吉本ばなな『ミトンとふびん』、長野まゆみ『よろづ春夏冬中』、九井諒子『ダンジョン飯』の三角読みをしている。食べ進める比率は若干偏っている。
下記、経緯と好き勝手な感想。
長野まゆみ『よろづ春夏冬中』
三角読みの発端は、先日仕事の調べもの中にふいに「跨線橋」というワードが目に入り中学時代に読んだ長野まゆみの短編集を思い出したからです。跨線橋を走る男を電車から見ている話なのだが、当時私は跨線橋が何か分からず饋電線や架線を跨線橋だと思って読んでいた。あんな細い線を駆けるなんて忍者みたいな話、絶対違うだろうなと思っていたが跨線橋が何かを調べることもせず話自体も十数ページのためすぐに次の話に移った。そもそもは中学の国語の教科書で長野まゆみの『卵』を読んで、“赴任”という単語を習った。その前後でKちゃんからスピッツの『たまご』をおすすめされて、中学校の隣にある図書館に寄ったら長野まゆみが置いてあったから、当作品含め貯蔵品は全て読んだ。

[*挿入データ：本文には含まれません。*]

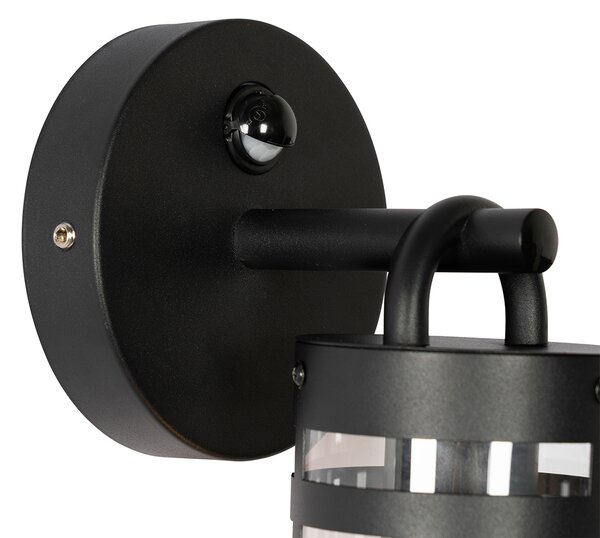 Lampa ścienna zewnętrzna czarna IP44 z czujnikiem ruchu - Ruben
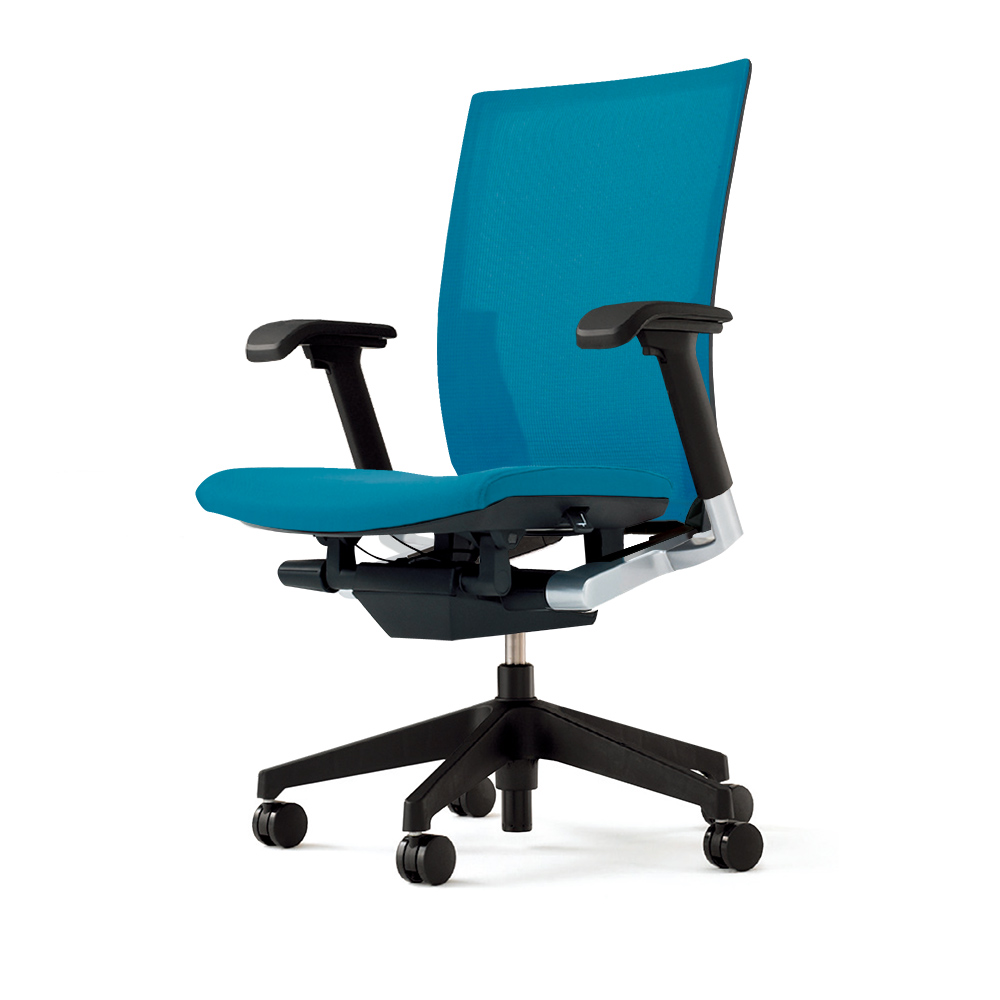 ヴェントチェア （ Vento chair ） KE837JV1-T1A3 プレーンメッシュ （ランバーサポートなし）/（ブラックT）/可動肘付/樹脂脚 ［ストロングブルー］
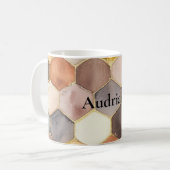 グラムハニーコーム赤面シャンパーニュ抽象芸術 コーヒーマグカップ (正面左)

で、仕事中に跨線橋の図解を見て、当時読んだ跨線橋を走る男を思い返したが走るシーンと跨線橋がいまいち合致せずせっかくだし読み返そうと中古をアマゾンで探した。会社のパソコンで。しかも数十分後にはアポが取れた新規の顧客へ訪問しなくてはいけないのに、好奇心に負けたというより従った。長野まゆみ 跨線橋 で検索をかけると『よろづ春夏冬中』が出てきた。懐かしい表紙、確実にこれをハードカバーで読んだ記憶が蘇る。狭い市立図書館の二階、児童書は一階にあり、分厚い蔵書や勉強室のある二階に憧れ、その無音さが大人っぽいと背伸びをして何度も通った。ただ、その本は中古か電子書籍しかなく、店頭にはなかった。そりゃそうか、20年以上前の作品ってもう実店舗で売っていないんだなと衝撃を受ける。そのまま営業の外回りに出て、隙が出来た時にアマゾンで今度はプライベート携帯から中古本を選んで購入した。その時に送料が云々というので以前TLで見かけて表紙が非常に好みだと思っていた『ミトンとふびん』と、一昨年くらいに読んだ『私的読食録』を選んだ。これはTLでスクショ感想を書いたことがある。私的~は未だに手元へ届かない。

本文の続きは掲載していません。